AS Britain announces its roadmap out of lockdown, vaccine certificates have once again come into the spotlight.

British Prime Minister Boris Johnson said there would be a review into the issue although he added some form of vaccine passport would be “going to come on the international stage whatever” for foreign travel.  

Governments and developers around the world are exploring how certificates and passports could help to reopen economies by identifying those protected against COVID-19.

Proponents say identifying people who are immune to the novel coronavirus or at lower risk of spreading it could help open up travel and other services. But, critics have raised concerns over privacy, health and discrimination.

As more technology firms develop digital certificates that can be accessed on smartphones by employers, airlines and others, here is all you need to know about health passports.

WHAT ARE HEALTH PASSPORTS?

The term health passport, or health pass, generally refers to documents – in paper or digital format – that certify a person is unlikely to either catch or spread a disease.

With the novel coronavirus, the proposed certificates would attest one of three things: that the holder has been vaccinated, has tested negative for the virus or has recovered from it.

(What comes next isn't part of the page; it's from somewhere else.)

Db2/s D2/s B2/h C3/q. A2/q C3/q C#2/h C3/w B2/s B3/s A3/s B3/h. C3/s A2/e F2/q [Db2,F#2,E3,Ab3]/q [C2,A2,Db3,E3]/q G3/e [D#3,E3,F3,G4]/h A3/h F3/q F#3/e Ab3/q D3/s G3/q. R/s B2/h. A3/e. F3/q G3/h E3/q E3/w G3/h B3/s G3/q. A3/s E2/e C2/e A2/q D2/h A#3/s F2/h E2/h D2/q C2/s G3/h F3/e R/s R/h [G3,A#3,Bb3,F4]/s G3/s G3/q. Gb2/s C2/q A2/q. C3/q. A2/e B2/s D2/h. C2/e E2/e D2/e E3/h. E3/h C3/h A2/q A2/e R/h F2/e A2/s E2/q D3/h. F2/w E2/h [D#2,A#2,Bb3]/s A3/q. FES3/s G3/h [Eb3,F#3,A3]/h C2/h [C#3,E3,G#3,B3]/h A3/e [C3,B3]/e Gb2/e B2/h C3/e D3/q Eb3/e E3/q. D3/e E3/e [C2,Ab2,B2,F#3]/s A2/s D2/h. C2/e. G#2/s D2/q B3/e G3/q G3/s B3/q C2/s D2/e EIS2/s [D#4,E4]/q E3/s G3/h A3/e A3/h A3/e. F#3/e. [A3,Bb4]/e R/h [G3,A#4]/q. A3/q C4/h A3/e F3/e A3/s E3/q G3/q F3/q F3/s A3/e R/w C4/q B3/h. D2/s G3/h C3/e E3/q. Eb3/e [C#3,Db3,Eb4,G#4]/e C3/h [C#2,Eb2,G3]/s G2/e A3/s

Their use could allow governments to lift some pandemic-induced restrictions, allowing people to travel in planes, attend concerts, go to work or dine out, supporters say.

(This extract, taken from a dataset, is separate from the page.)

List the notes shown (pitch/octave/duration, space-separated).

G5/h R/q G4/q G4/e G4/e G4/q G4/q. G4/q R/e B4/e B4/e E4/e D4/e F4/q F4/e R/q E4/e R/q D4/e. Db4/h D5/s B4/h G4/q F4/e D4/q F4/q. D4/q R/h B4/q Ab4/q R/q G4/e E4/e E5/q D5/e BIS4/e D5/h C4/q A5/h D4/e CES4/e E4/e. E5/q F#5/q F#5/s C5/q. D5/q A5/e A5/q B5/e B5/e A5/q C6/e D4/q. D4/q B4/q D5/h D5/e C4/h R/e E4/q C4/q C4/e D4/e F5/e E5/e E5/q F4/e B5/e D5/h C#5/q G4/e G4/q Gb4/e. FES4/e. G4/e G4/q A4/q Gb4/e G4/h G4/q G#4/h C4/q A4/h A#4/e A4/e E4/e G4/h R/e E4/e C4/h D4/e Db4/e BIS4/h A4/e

“We’ve tried many different solutions to properly and safely reopen hospitality, sport venues and other things that are very important, not just for our economy, but also for mental wellbeing of people,” said Ryan Wain, an advisor at the Tony Blair Institute for Global Change, a British think tank.

“And really, the only way that we can properly get those open is knowing that people entering those venues don’t have COVID,” he told the Thomson Reuters Foundation in a phone interview.

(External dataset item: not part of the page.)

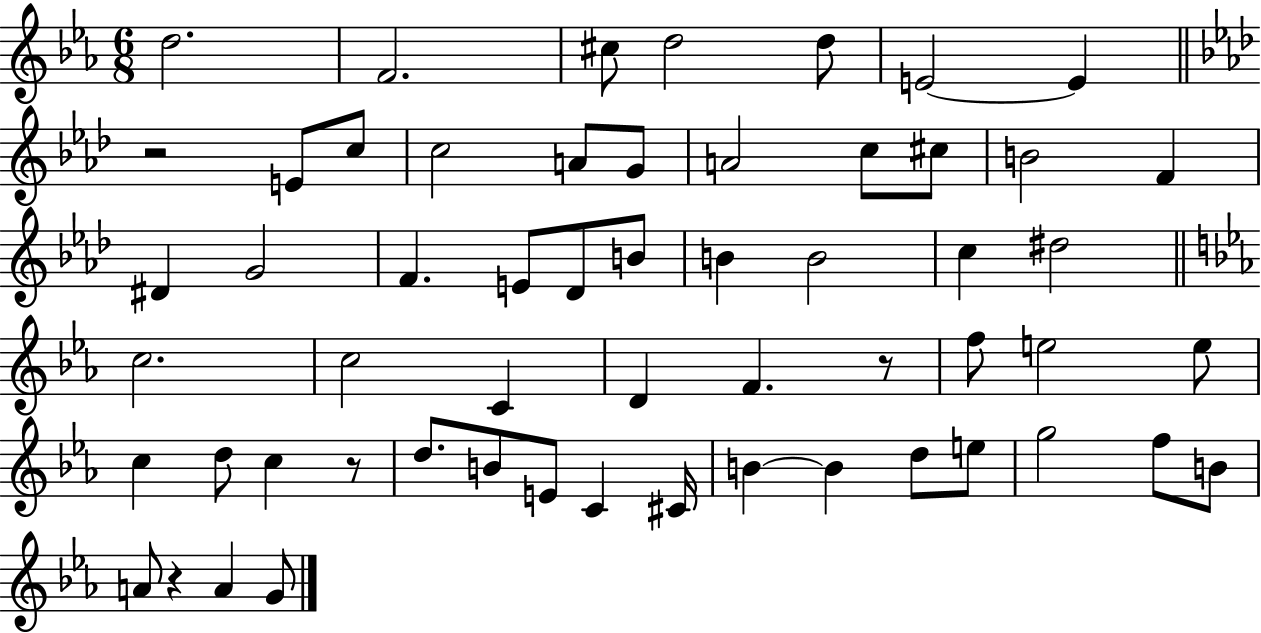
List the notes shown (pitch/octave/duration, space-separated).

D5/h. F4/h. C#5/e D5/h D5/e E4/h E4/q R/h E4/e C5/e C5/h A4/e G4/e A4/h C5/e C#5/e B4/h F4/q D#4/q G4/h F4/q. E4/e Db4/e B4/e B4/q B4/h C5/q D#5/h C5/h. C5/h C4/q D4/q F4/q. R/e F5/e E5/h E5/e C5/q D5/e C5/q R/e D5/e. B4/e E4/e C4/q C#4/s B4/q B4/q D5/e E5/e G5/h F5/e B4/e A4/e R/q A4/q G4/e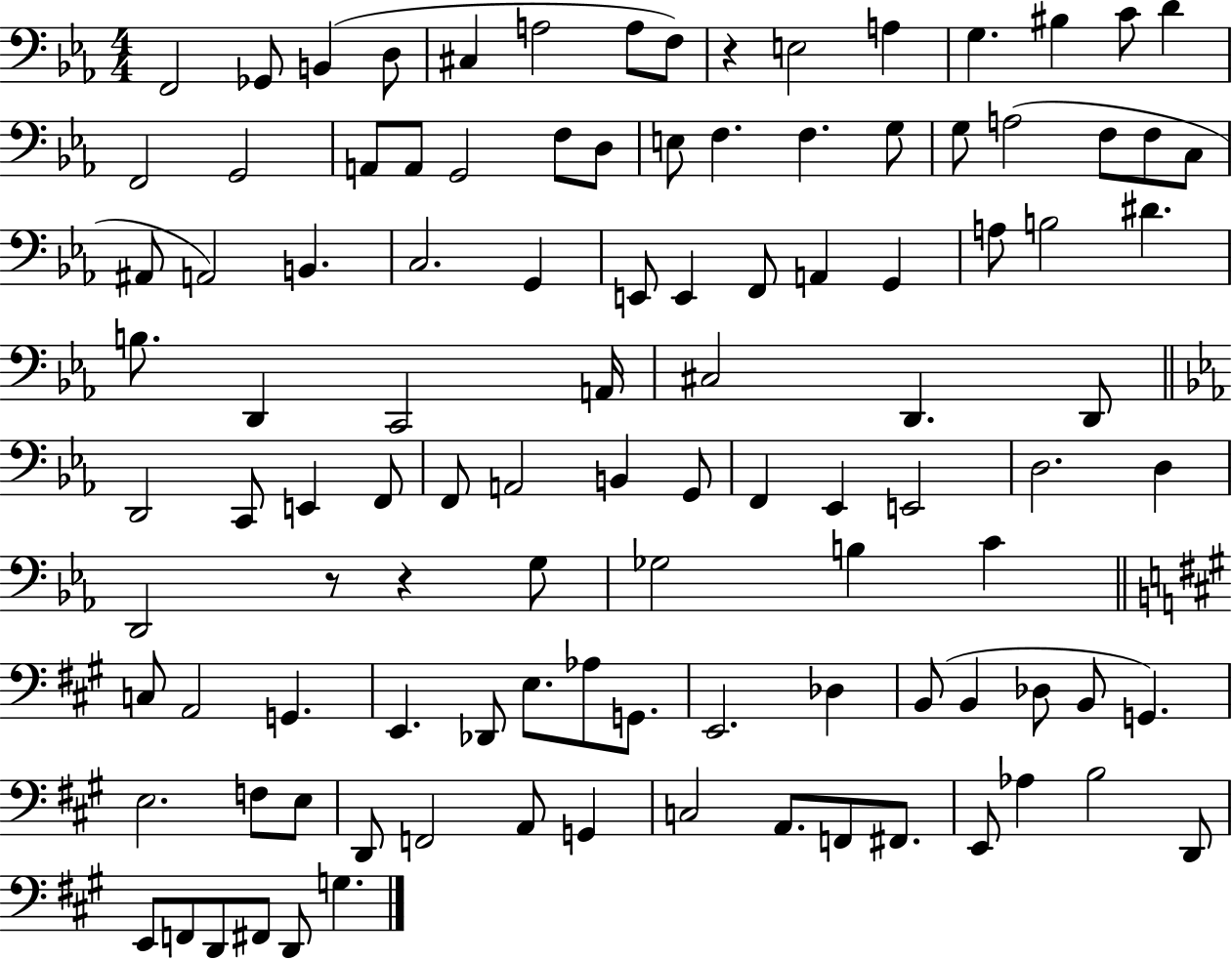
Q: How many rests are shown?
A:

WHERE ARE THEY BEING USED?

Different health passes have been trialled by governments and firms around the world in recent months.

Tech giants including Microsoft Corp , Oracle Corp and healthcare companies Cigna Corp and Mayo Clinic in January become part of a coalition pushing for digital records of people who get vaccinated against COVID-19.

The project, called Vaccination Credential Initiative, aims to help people get encrypted digital copies of their immunization records stored in a digital wallet of their choice.

Bahrain launched a digital COVID-19 vaccine passport in February, one of the first countries to do so.

Denmark has said it would launch an initial version of a coronavirus vaccination passport by the end of February, while Sweden plans to launch a vaccine passport by summer.

Last October, Estonia and the World Health Organization started a pilot for a digital vaccine certificate.

Meanwhile, China has put in place an app-based health code system that uses travel and medical data to give people a red, yellow or green rating indicating the likelihood of them having the virus – and whether or not they can walk around freely.

Israel has said it plans to issue a “green passport” to those who have been vaccinated, which will grant them easy access to restaurants and cultural events, and exempt them from quarantine rules or getting a virus test before travel.

Last April, Chile said it would issue certificates to people who recovered from the virus.

And in India, everyone who has been vaccinated will get a QR code-based electronic certificate, the health ministry has said.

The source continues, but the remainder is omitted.